## PROBLEM REQUIREMENTS
Find, in the records below, the line that contains "Rachel - The" and the line that contains "Shine Cotton Wireless". Copy those two lines and everything between them exactly, but not the pictures.

## SUPPLIED RECORDS
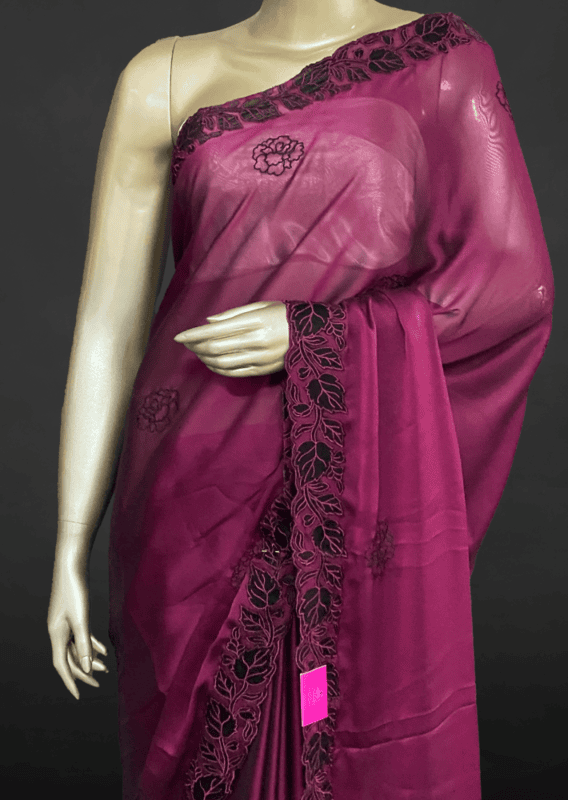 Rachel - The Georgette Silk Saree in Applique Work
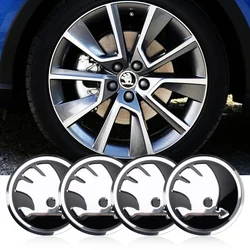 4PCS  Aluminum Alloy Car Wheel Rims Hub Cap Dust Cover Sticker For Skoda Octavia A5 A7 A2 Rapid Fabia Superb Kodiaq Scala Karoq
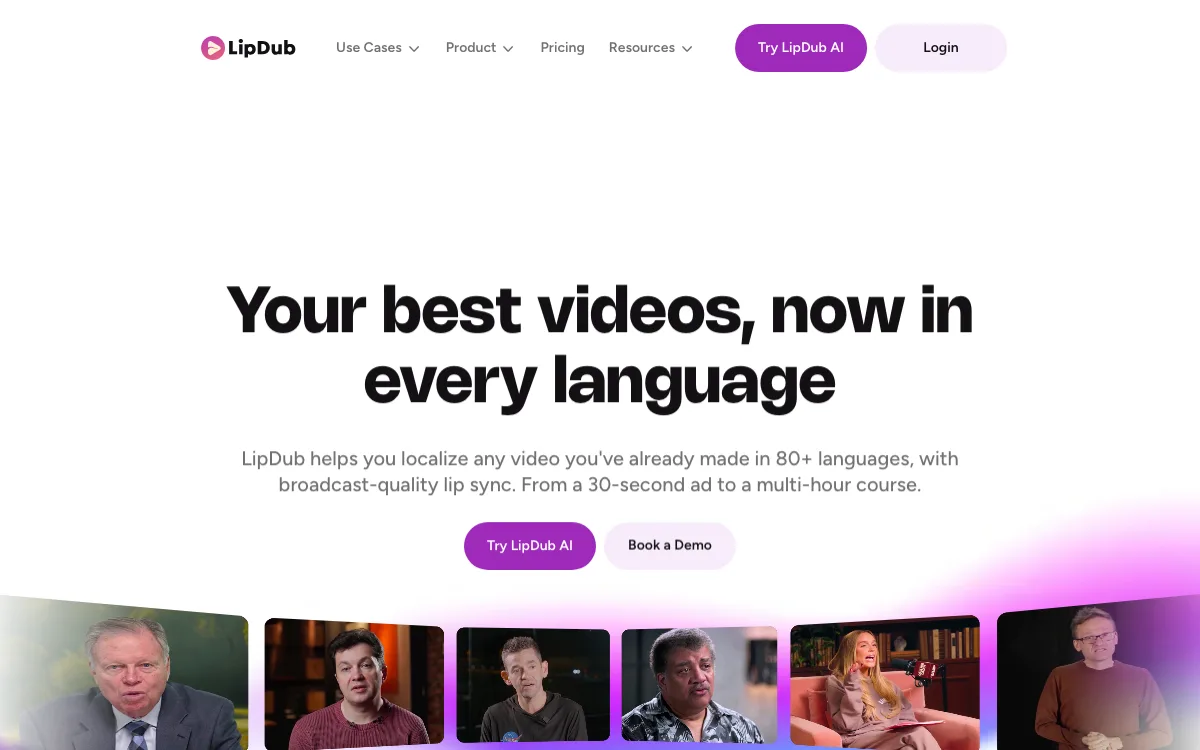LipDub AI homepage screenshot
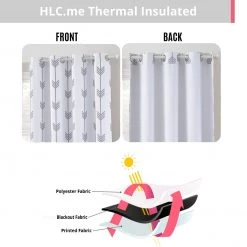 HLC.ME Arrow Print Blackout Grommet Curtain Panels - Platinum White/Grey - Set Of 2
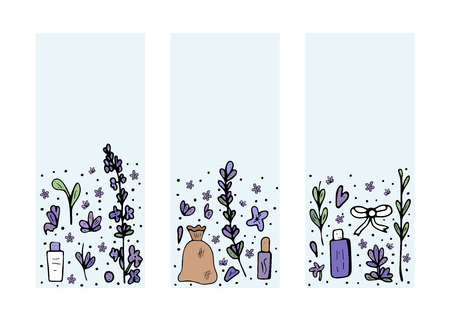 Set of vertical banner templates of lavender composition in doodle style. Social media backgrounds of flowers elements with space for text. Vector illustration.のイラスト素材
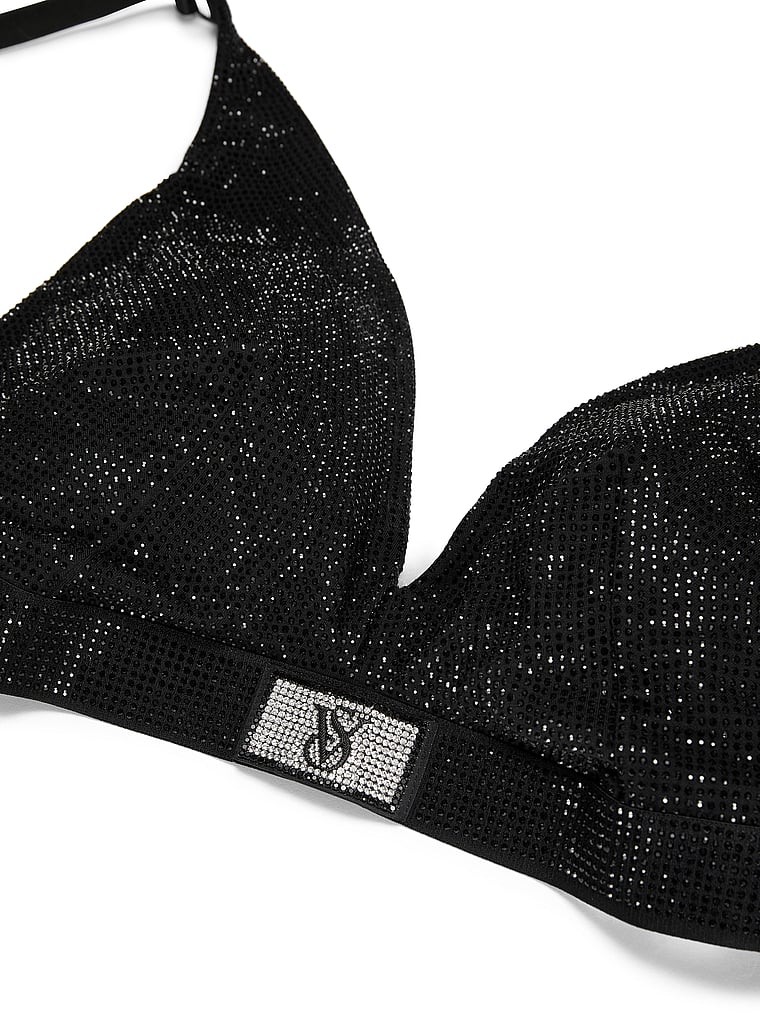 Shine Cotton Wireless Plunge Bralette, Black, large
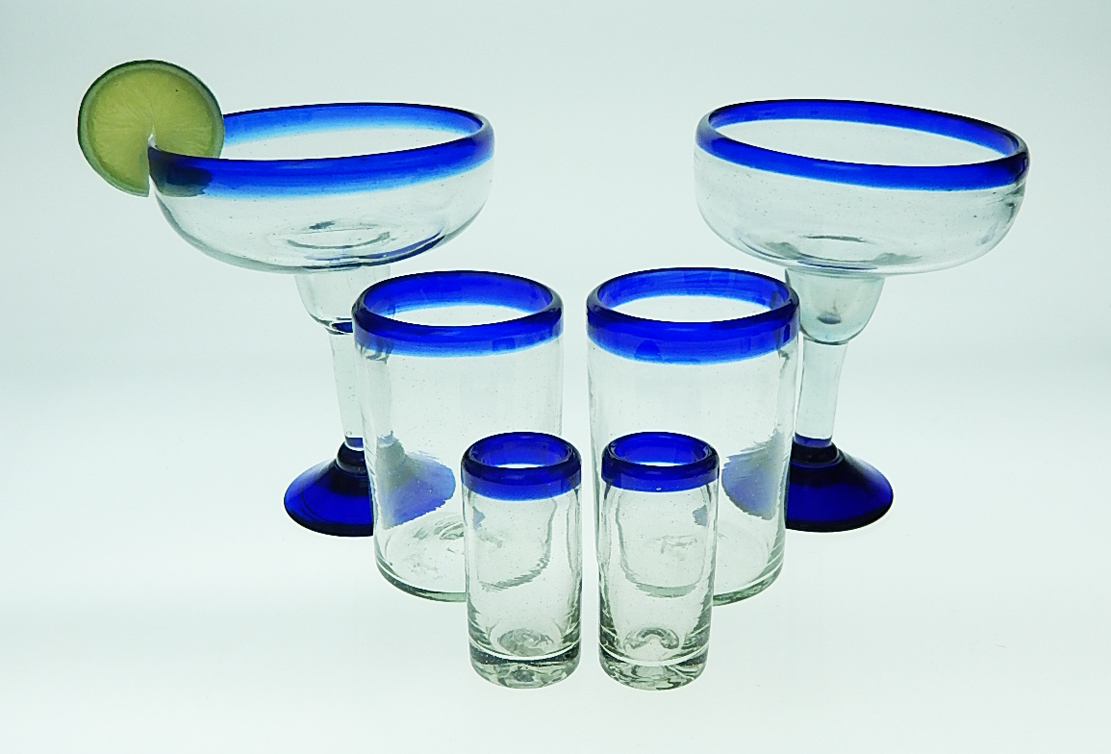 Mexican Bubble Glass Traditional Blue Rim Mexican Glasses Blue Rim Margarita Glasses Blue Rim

* * *

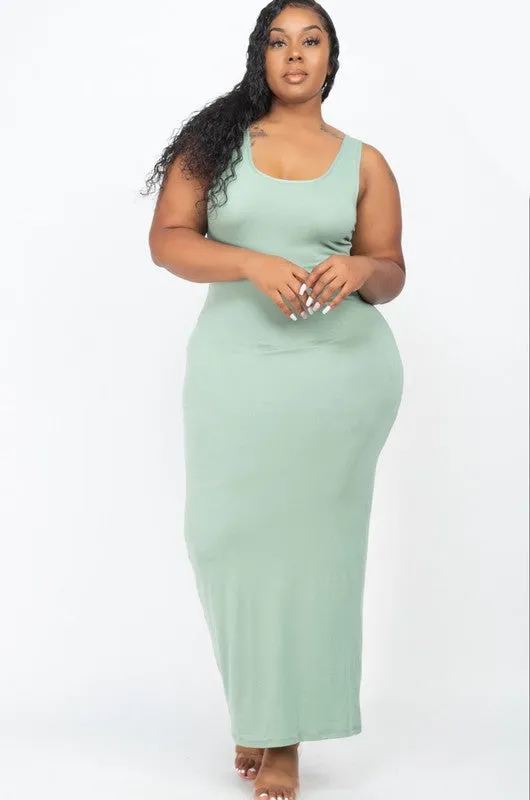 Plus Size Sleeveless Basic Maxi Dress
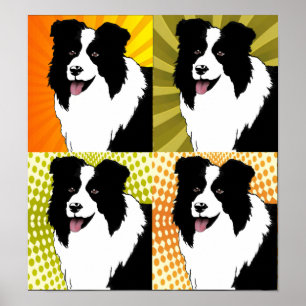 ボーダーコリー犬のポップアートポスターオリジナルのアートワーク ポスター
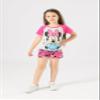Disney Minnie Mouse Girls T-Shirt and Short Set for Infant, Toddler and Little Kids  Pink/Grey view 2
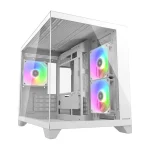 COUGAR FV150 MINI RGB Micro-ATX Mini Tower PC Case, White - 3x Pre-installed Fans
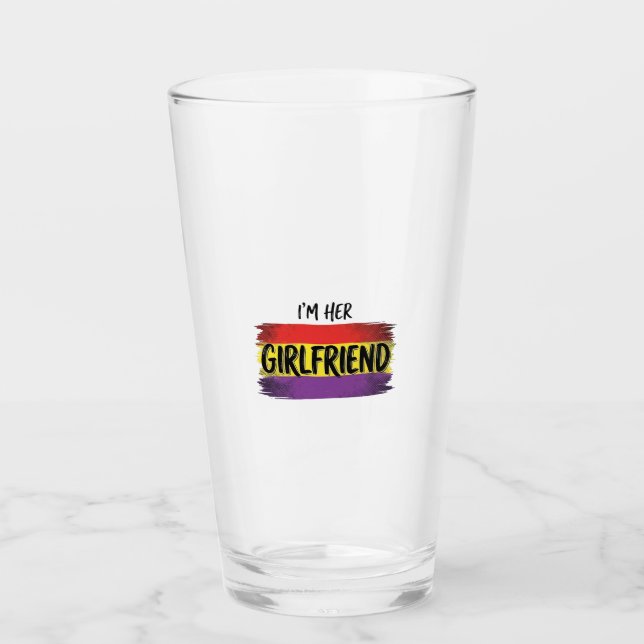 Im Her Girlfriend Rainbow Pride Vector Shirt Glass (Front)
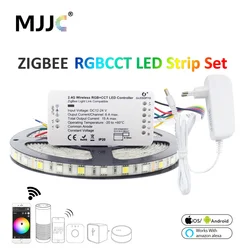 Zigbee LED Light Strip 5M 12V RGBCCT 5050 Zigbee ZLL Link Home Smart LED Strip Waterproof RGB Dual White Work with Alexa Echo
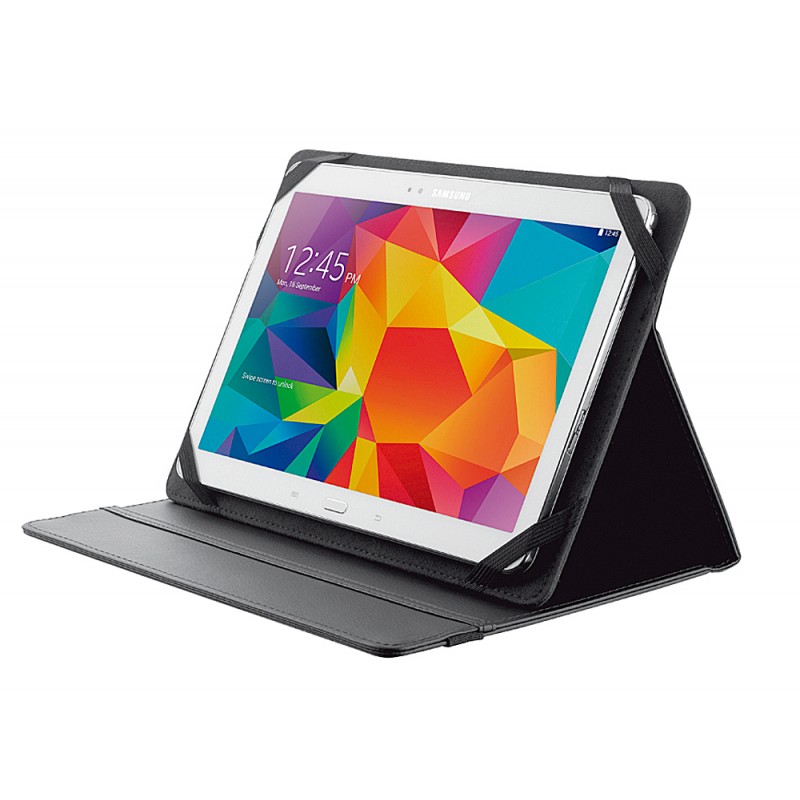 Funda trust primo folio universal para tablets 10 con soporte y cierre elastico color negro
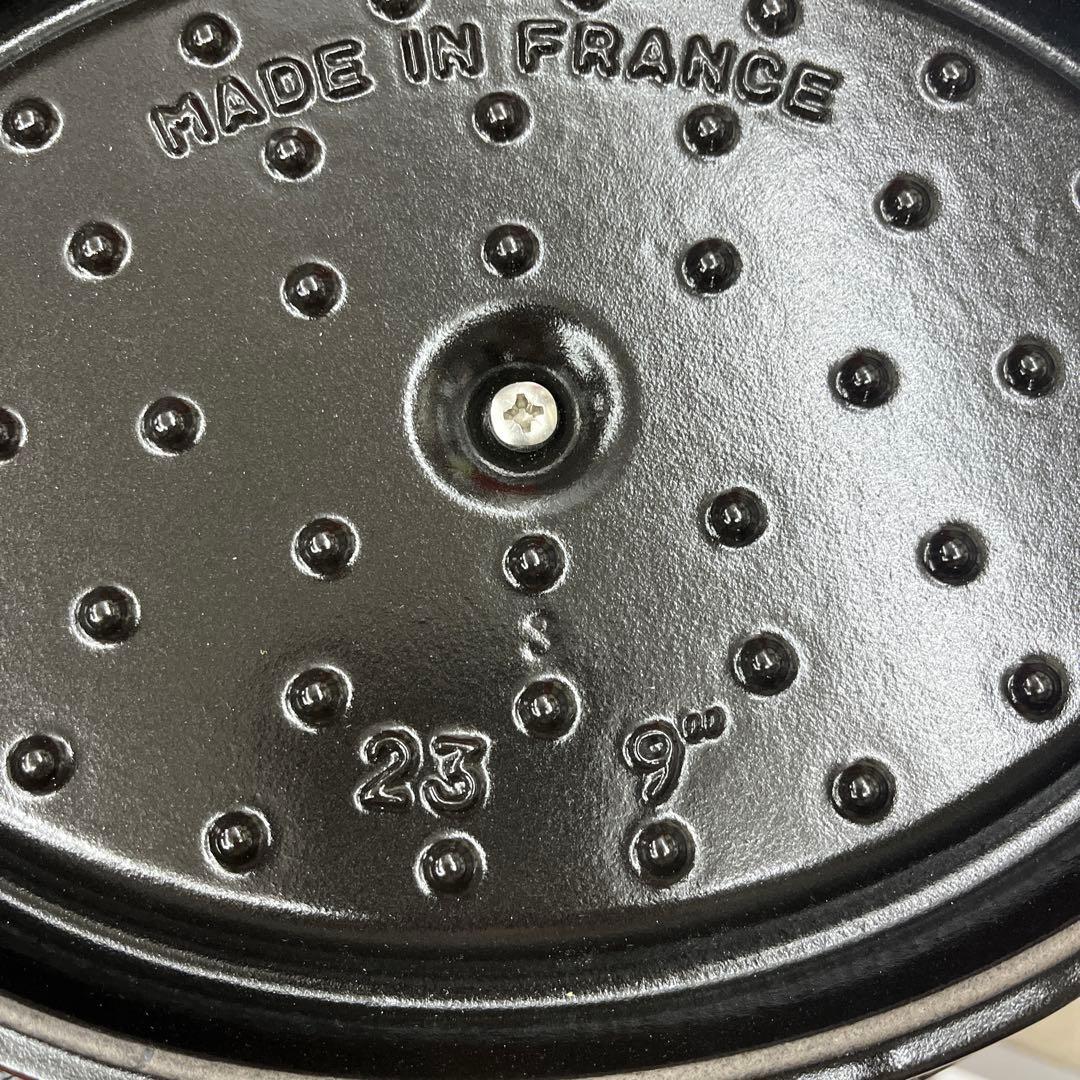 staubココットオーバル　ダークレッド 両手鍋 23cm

==

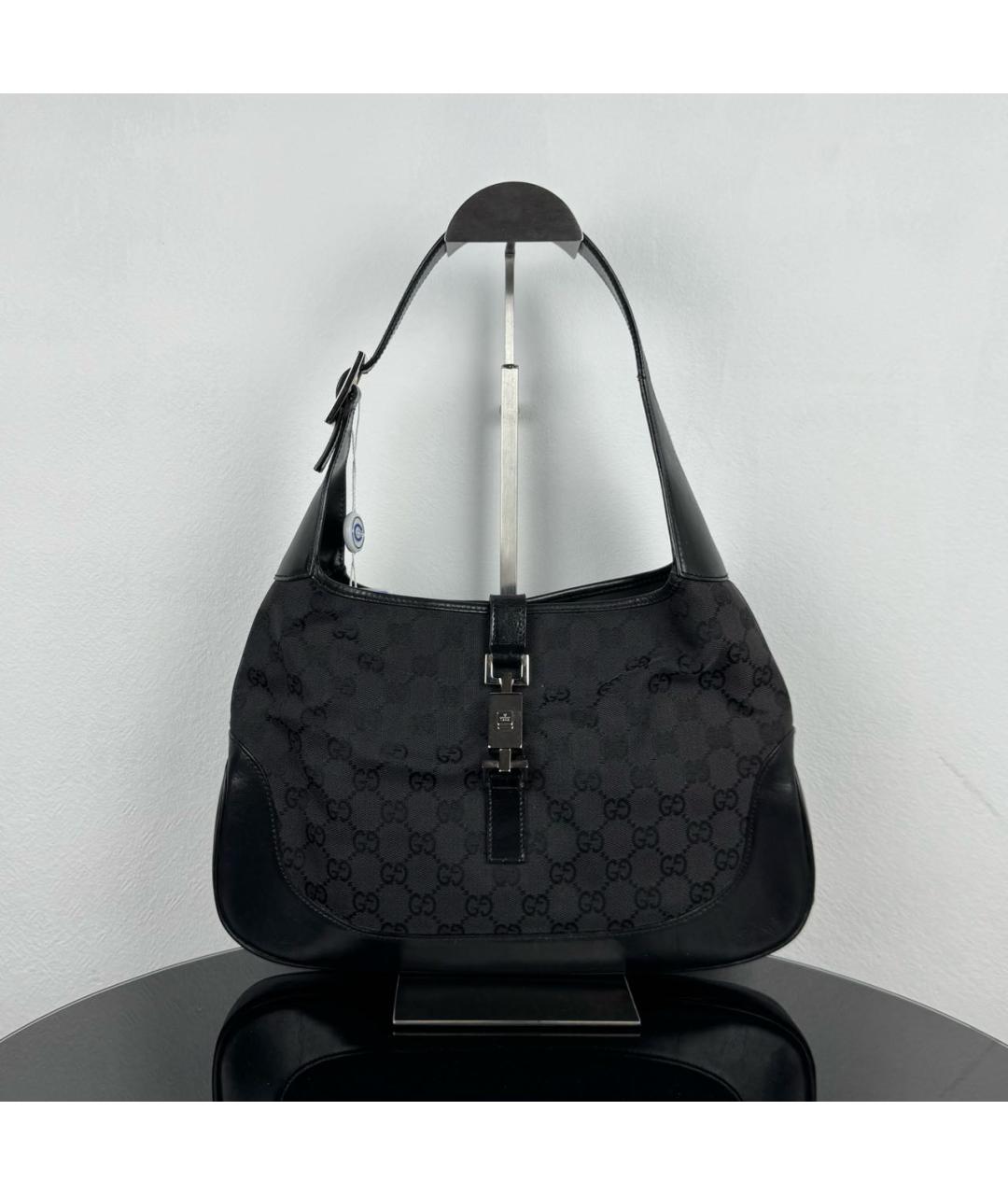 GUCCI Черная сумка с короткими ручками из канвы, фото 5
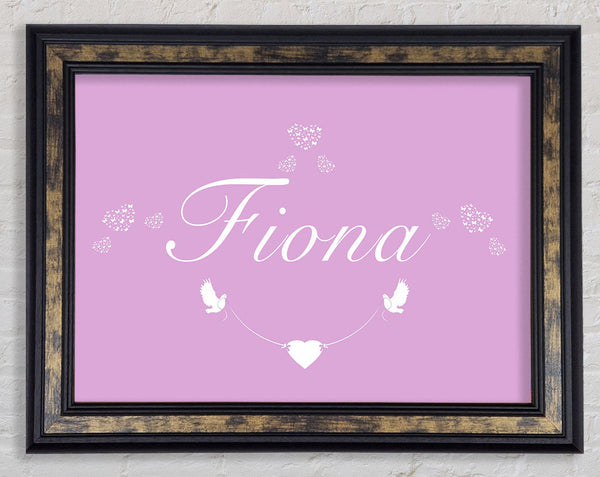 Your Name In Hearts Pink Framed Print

## EXERCISE RESULT
 Rachel - The Georgette Silk Saree in Applique Work
 4PCS  Aluminum Alloy Car Wheel Rims Hub Cap Dust Cover Sticker For Skoda Octavia A5 A7 A2 Rapid Fabia Superb Kodiaq Scala Karoq
LipDub AI homepage screenshot
 HLC.ME Arrow Print Blackout Grommet Curtain Panels - Platinum White/Grey - Set Of 2
 Set of vertical banner templates of lavender composition in doodle style. Social media backgrounds of flowers elements with space for text. Vector illustration.のイラスト素材
 Shine Cotton Wireless Plunge Bralette, Black, large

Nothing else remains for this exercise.